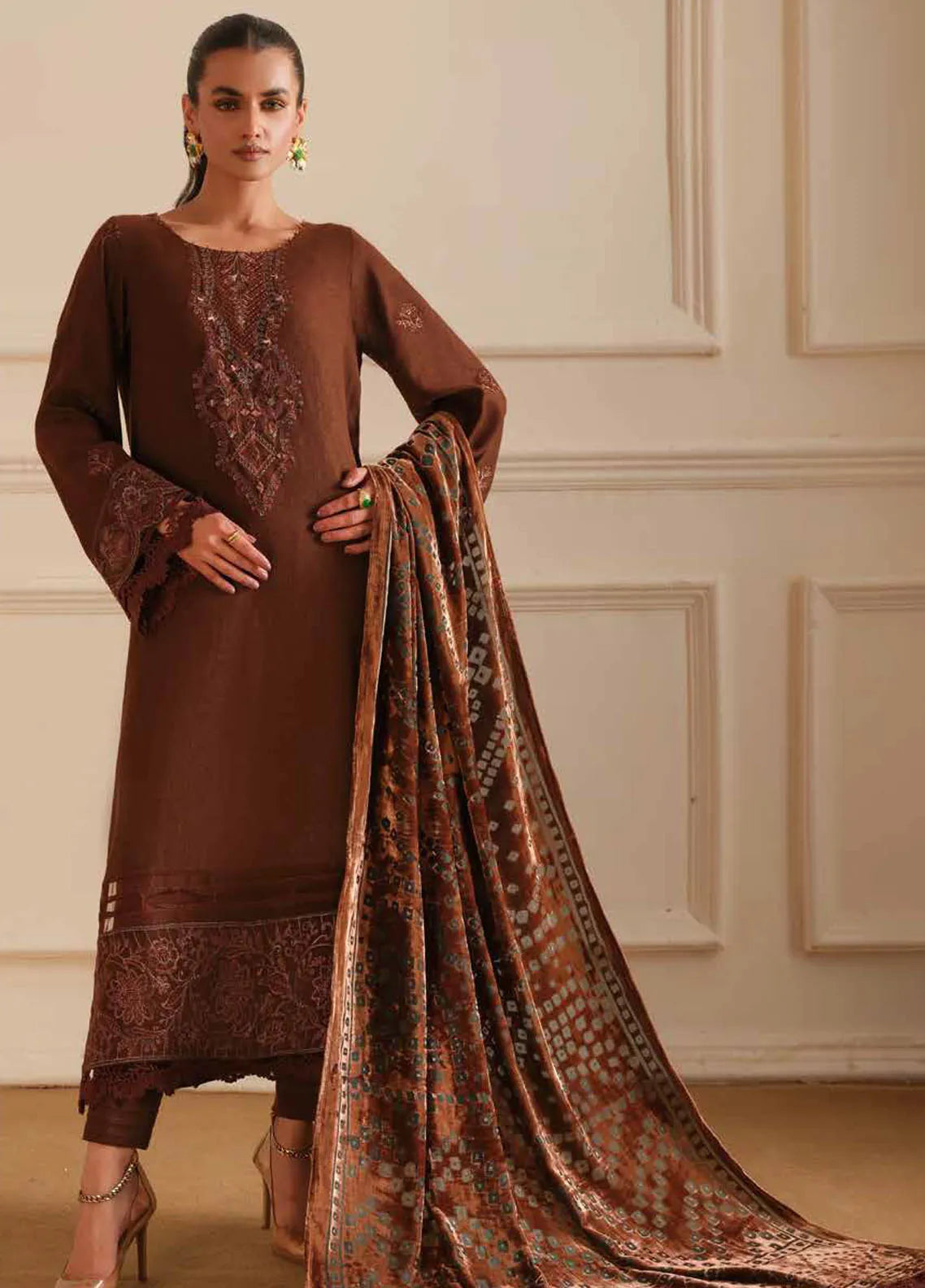 Tehzeeb By Riaz Arts Embroidered Leather Peach Suit Unstitched 3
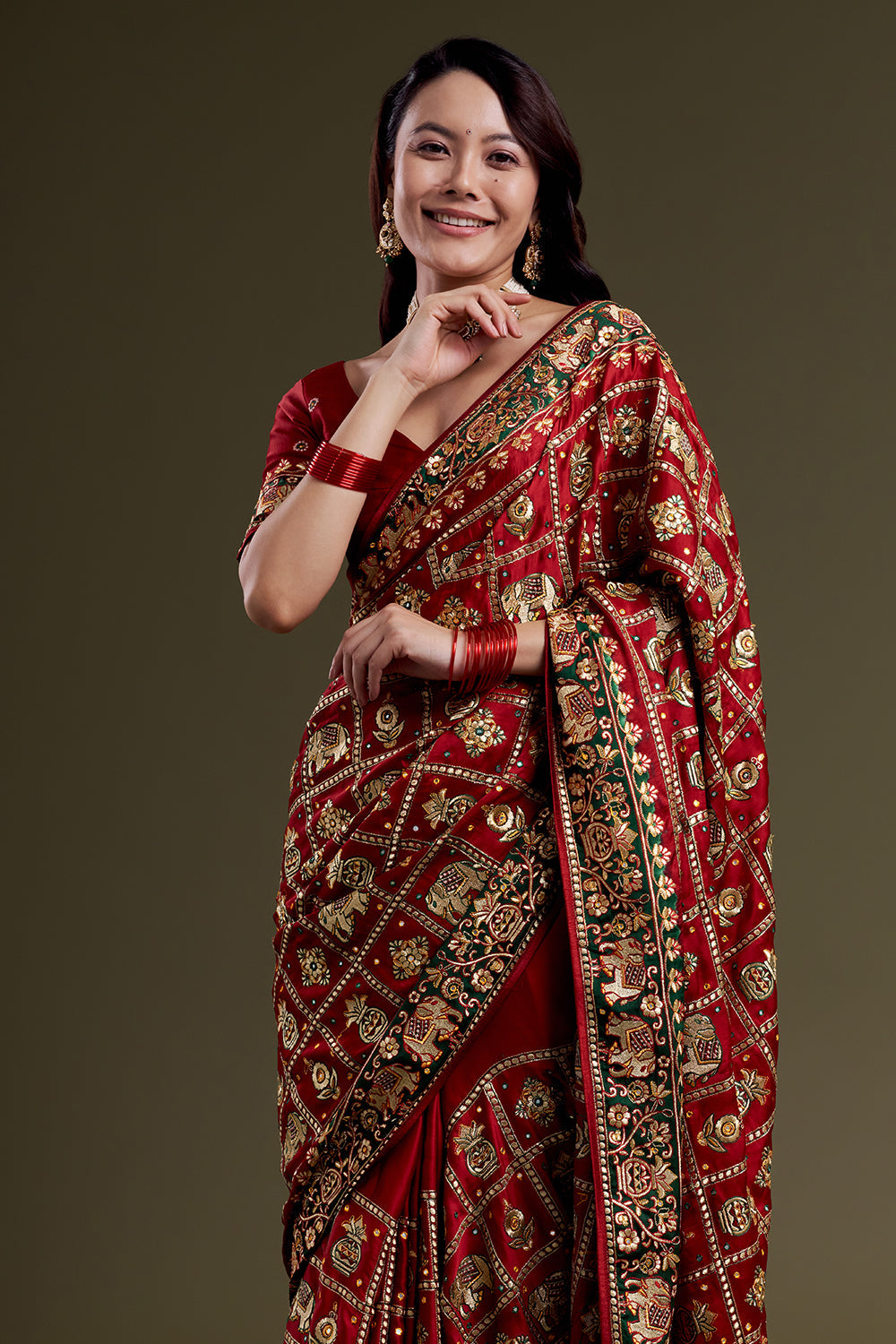 Crimson Heritage Silk Embroidered Saree
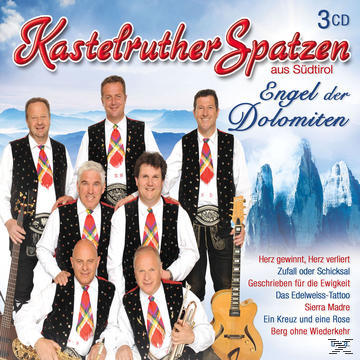 Albumcover: Männergruppe, Text 'Kastelruther Spatzen'. Berge im Hintergrund, Noten.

Task directions:
Return an exact copy of the data above, apart from any pictures.

Answer space:
 Tehzeeb By Riaz Arts Embroidered Leather Peach Suit Unstitched 3
 Crimson Heritage Silk Embroidered Saree
 Albumcover: Männergruppe, Text 'Kastelruther Spatzen'. Berge im Hintergrund, Noten.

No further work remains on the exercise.